Custodian With a dry mop in a hallway

Posted on 10.02.18

Fitness Theory

The recently opened Orangetheory Fitness Frederick, 7820 Wormans Mill Road, is devoted to helping its clients “increase energy, get visible results and burn more calories even after leaving the studio.” The fitness center, that has the motto “designed so you can succeed,” offers 60-minute workout sessions that are split into intervals of cardiovascular and strength training with heart rate monitors to track the intensity of the workout and maximize metabolic burn, according to their website. Coach support is offered.

China Shop Returns

For years the Worcestershire Shop was a fixture on North Market Street until it closed about 20 years ago. Owner Jake Fenton has brought it back, carrying some of the same lines of china that his grandmother sold when she had the store, as well as a changing selection of antiques, depending on what Fenton acquires at auctions. The shop, located in the same building but in a slightly smaller space around the corner, is at 4 E. 7th St.

“You will find some unique pieces,” Fenton promises, as well as china designs that have stood the test of changing tastes. A corner is devoted to child-sized tea sets and throughout the store are linens, lampshades, artwork, furniture and almost anything you can imagine for setting off your home décor.

Putting Business in Order

Web design and development company Inroads, LLC, 205B Broadway St., recently unveiled a new platform intended to revolutionize how small to mid-size businesses manage and compete in the e-commerce world.

AxiumPro is a comprehensive end-to-end business platform that automates most of the labor-intensive tasks associated with operating an e-commerce website, including content management, accounting, customer relationship management, workflow, email marketing and more. “It’s a powerful system and at an affordable price,” Inroads’ chief operating office Scott Mcguirl says.

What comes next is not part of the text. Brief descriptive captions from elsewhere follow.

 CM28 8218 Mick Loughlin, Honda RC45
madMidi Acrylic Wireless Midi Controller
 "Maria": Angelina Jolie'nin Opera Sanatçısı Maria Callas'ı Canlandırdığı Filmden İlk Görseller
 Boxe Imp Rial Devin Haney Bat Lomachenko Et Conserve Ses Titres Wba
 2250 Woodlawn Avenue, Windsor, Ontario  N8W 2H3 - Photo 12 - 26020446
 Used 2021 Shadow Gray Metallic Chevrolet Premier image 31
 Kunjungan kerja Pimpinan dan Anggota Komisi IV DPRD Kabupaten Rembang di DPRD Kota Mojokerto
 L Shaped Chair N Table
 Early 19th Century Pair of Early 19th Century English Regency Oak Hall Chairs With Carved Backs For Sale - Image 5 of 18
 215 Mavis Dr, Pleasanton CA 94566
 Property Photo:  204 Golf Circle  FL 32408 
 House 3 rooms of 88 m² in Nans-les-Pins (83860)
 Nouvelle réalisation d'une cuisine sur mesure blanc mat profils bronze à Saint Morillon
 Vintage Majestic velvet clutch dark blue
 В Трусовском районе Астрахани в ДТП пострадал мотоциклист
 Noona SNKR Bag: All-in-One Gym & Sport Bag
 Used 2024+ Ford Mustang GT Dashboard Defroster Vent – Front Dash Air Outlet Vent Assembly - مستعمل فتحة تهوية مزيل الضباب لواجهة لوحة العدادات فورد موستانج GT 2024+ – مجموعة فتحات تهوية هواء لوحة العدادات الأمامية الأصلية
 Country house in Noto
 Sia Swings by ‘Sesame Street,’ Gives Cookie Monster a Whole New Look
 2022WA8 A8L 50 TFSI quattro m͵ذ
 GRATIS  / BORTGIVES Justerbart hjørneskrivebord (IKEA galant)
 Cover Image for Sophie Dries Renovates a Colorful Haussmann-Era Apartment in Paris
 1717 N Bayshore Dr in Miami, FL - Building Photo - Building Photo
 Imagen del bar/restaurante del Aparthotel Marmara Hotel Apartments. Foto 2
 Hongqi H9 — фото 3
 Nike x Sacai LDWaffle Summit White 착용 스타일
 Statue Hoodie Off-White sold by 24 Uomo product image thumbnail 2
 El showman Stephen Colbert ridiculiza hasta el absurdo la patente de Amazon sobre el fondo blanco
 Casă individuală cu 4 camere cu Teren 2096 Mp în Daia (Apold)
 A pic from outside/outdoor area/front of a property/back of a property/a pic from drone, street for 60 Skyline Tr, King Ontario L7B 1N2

Dog Training to the Rescue

It took becoming the owner of a 90-pound rambunctious dog named Riggins to make Julie Barber realize the need for a dog trainer. After doing research and attending seminars and other classes, Barber began offering her services part time to friends and family. It wasn’t long before she decided to go all in, leaving the health care job she had for 15 years to open Julie’s K9 Academy in Frederick. “Everybody’s been thrilled,” Barber says of her clients as well as herself, not to mention the dogs.

Barber offers a puppy course as well as a class for older dogs who need to be coaxed from bad habits. Owners will drop off their pets usually for a two-week stay and can observe via a video feed either in real time or view later. Before the dog returns home, the owner is also schooled on what was taught so the training is understood and remains consistent.